→ **Data block**
^^^^^^^^^^^^^^^^

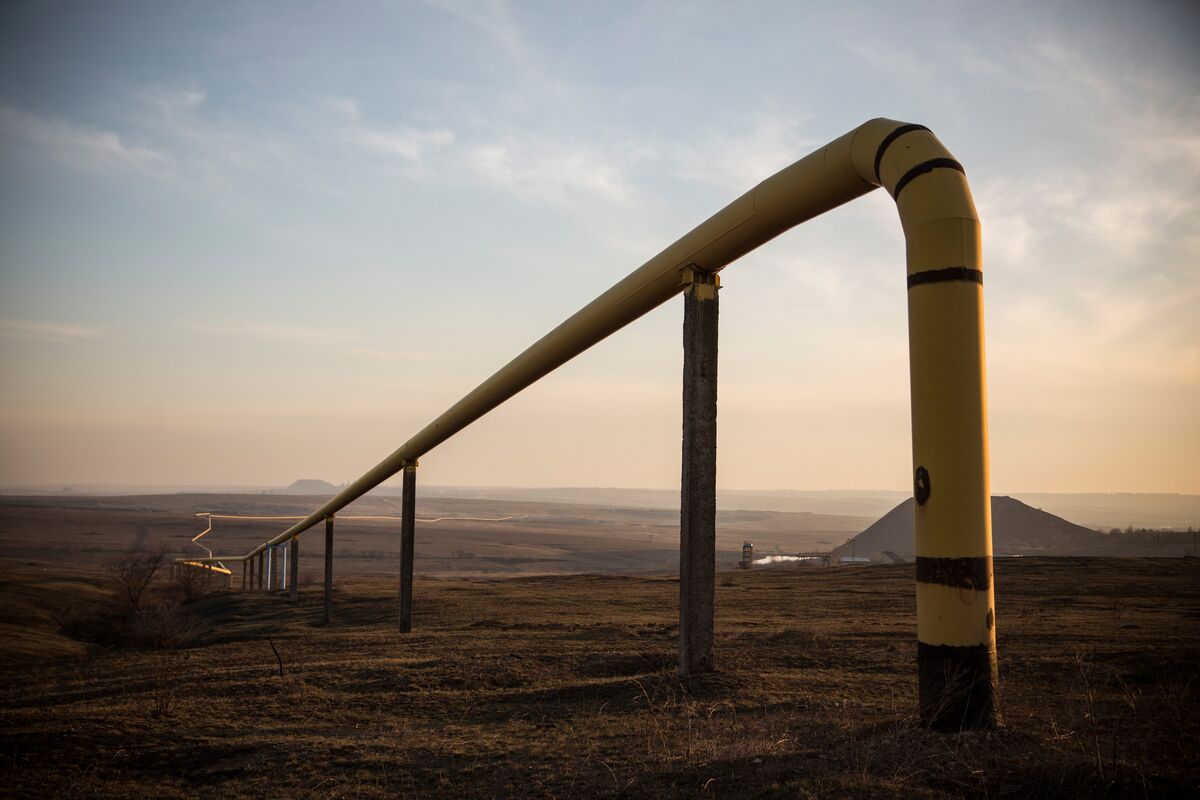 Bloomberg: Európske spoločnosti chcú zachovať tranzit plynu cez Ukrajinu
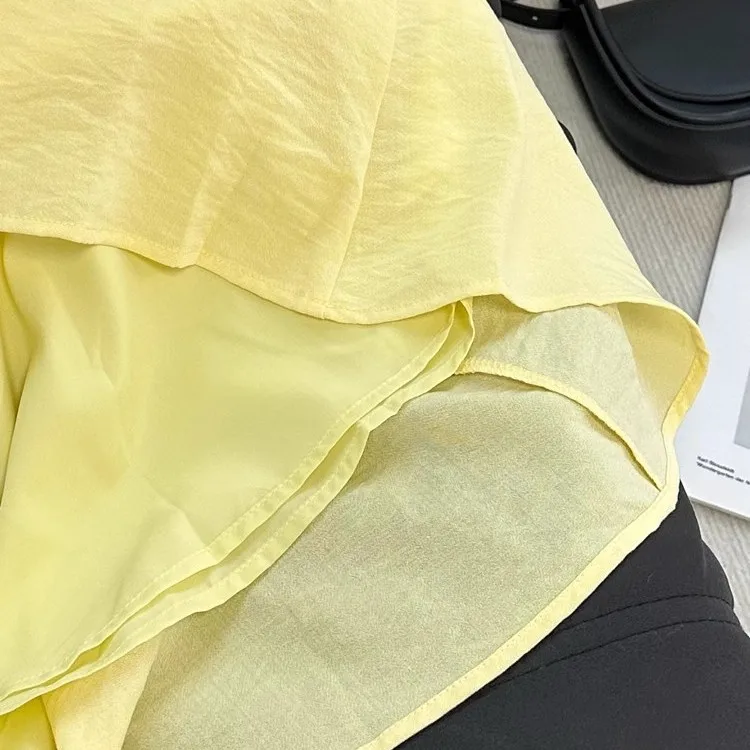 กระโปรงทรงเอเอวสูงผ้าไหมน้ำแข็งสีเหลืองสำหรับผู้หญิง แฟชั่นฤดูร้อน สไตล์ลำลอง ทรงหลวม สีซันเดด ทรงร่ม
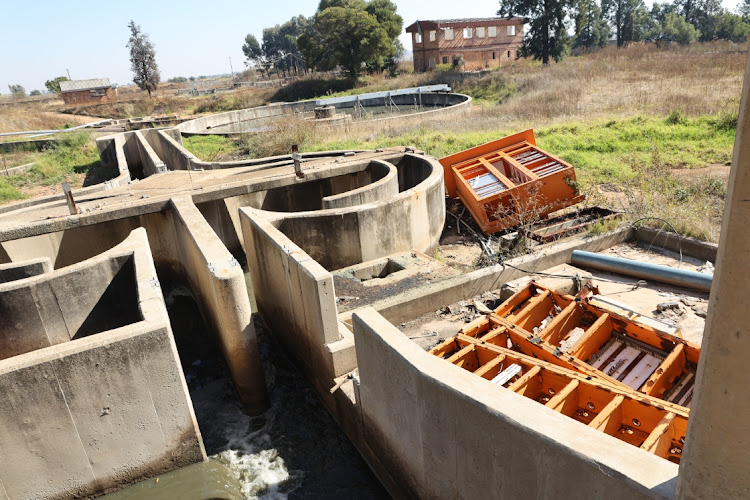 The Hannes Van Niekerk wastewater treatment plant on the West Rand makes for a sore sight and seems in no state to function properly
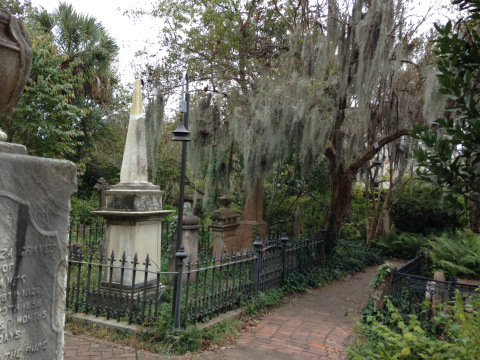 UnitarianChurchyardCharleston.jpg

^^^^^^^^^^^^^^^^

→ **Task statement**
Output the listing exactly, without images.

→ **Answer space**
 Bloomberg: Európske spoločnosti chcú zachovať tranzit plynu cez Ukrajinu
 กระโปรงทรงเอเอวสูงผ้าไหมน้ำแข็งสีเหลืองสำหรับผู้หญิง แฟชั่นฤดูร้อน สไตล์ลำลอง ทรงหลวม สีซันเดด ทรงร่ม
 The Hannes Van Niekerk wastewater treatment plant on the West Rand makes for a sore sight and seems in no state to function properly
 UnitarianChurchyardCharleston.jpg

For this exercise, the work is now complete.